The Coronation Buildings designed by Timaru architect James Turnbull in 1902 provide a firm mass to the heart of Stafford Street north, with a highly decorated touch. This building is the most extravagant example of Victoriana within the CBD. The present ice cream colours enhance the playful façade.
In the late 19th century the ornate Victorian style permeated all of the arts not to mention everyday household goods. New manufacturing processes from the Industrial Revolution ensured that all manner of furniture and bric-a-brac could be smothered with tedious embellishments.
Not long after Queen Victoria's death in 1901, this decorative age came to a rapid end. Perhaps the populace became weary of the pointless decoration? That is one possible explanation. But what is on record is the fact that Germany was flexing its political and military muscles, and its design schools were also becoming restless. A sense of restraint, prevailed. The carnival was over.
With unstoppable artistic and political drive the Modern movement of architecture and design emerged quickly in Northern Europe and a brave new era was born. All decoration was rejected. Indeed some art philosophers linked decoration with the criminal mind.
Despite the post Modern movement in architecture (ie. "anything goes") that gained traction worldwide from the 1970's the underlying ethic of the Modern movement has not ever died.
In Timaru the Coronation Buildings stand as a lasting example of a period when Britain was riding high on the world stage, lending its dominant Victorian architectural style to all parts of the Empire. A future column might discuss this building in more detail.
The skills of some of the very first architects to establish practices in Christchurch are also evident in South Canterbury: Frederick Strouts at Mt Peel Station and other country houses; W B Armson at St Mary's Church in Timaru; and Benjamin Mountfort with much loved churches at Waimate and Esk Valley.
A vast and impressive study of the work of Mountfort was written by Ian Lochhead the pre-eminent architectural historian of the Canterbury region. Mountfort's career did not start well in Christchurch with one or two serious setbacks, but his ability to compose beautifully picturesque arrangements soon cemented his career. He was immersed in deep ecclesiastical dialogue with the Church of England.
Given the task of creating the character of a new city built upon rather dull, flat terrain Mountfort opted for the thrill of sharp gables, peaks and spires. The exteriors are inviting; the interiors are often highly worked and take the visitor to an even higher level.
The Christchurch Modern movement of the 1960's often copied these intricate small scale forms, with Peter Beaven stating later in life that it was the work of Mountfort that always drew him back to Christchurch as his natural home.

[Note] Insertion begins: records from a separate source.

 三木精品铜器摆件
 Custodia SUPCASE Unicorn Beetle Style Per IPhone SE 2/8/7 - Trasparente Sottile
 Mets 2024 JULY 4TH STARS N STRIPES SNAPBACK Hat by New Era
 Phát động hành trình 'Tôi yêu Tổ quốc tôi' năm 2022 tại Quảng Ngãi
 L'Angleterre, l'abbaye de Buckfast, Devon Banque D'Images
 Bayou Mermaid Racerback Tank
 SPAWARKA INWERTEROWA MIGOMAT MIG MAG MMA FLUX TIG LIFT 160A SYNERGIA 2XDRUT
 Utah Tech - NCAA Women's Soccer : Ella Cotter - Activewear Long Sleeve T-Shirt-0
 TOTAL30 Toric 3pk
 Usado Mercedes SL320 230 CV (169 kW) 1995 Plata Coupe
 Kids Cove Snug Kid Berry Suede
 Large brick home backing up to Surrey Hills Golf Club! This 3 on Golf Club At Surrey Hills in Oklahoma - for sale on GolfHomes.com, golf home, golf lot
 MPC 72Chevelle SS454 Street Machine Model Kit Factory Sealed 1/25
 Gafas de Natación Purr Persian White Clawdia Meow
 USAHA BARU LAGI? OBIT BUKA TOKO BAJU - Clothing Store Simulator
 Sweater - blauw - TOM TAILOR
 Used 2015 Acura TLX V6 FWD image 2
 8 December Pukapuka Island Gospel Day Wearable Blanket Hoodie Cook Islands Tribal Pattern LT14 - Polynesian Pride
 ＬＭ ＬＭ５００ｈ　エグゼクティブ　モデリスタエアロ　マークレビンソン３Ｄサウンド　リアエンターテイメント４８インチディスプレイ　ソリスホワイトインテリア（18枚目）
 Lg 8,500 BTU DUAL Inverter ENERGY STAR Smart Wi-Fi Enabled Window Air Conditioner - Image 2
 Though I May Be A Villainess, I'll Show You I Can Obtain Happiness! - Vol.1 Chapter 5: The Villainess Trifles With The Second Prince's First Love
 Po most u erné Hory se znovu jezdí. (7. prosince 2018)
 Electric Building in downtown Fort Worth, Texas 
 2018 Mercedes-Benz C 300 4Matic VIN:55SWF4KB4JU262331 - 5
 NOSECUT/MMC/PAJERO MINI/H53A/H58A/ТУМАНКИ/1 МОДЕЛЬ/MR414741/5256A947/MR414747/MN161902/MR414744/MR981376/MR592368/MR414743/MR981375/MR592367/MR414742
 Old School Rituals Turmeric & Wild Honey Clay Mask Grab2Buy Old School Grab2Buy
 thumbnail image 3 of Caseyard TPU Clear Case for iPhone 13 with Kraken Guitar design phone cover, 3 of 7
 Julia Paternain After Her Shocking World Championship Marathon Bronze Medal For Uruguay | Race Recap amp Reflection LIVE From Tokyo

St Augustine's at Waimate shows a clever assembly of forms, incorporating the lych-gate, the separate belfry, the gable end of the nave, all leading to the climax of the exaggerated central lantern tower. Inside, the nave is formed by intricate timber scissor trusses, together with (typical of Mountfort's spirit) a change in truss type to hammer beams above the choir. Altogether a tour de force on full public display.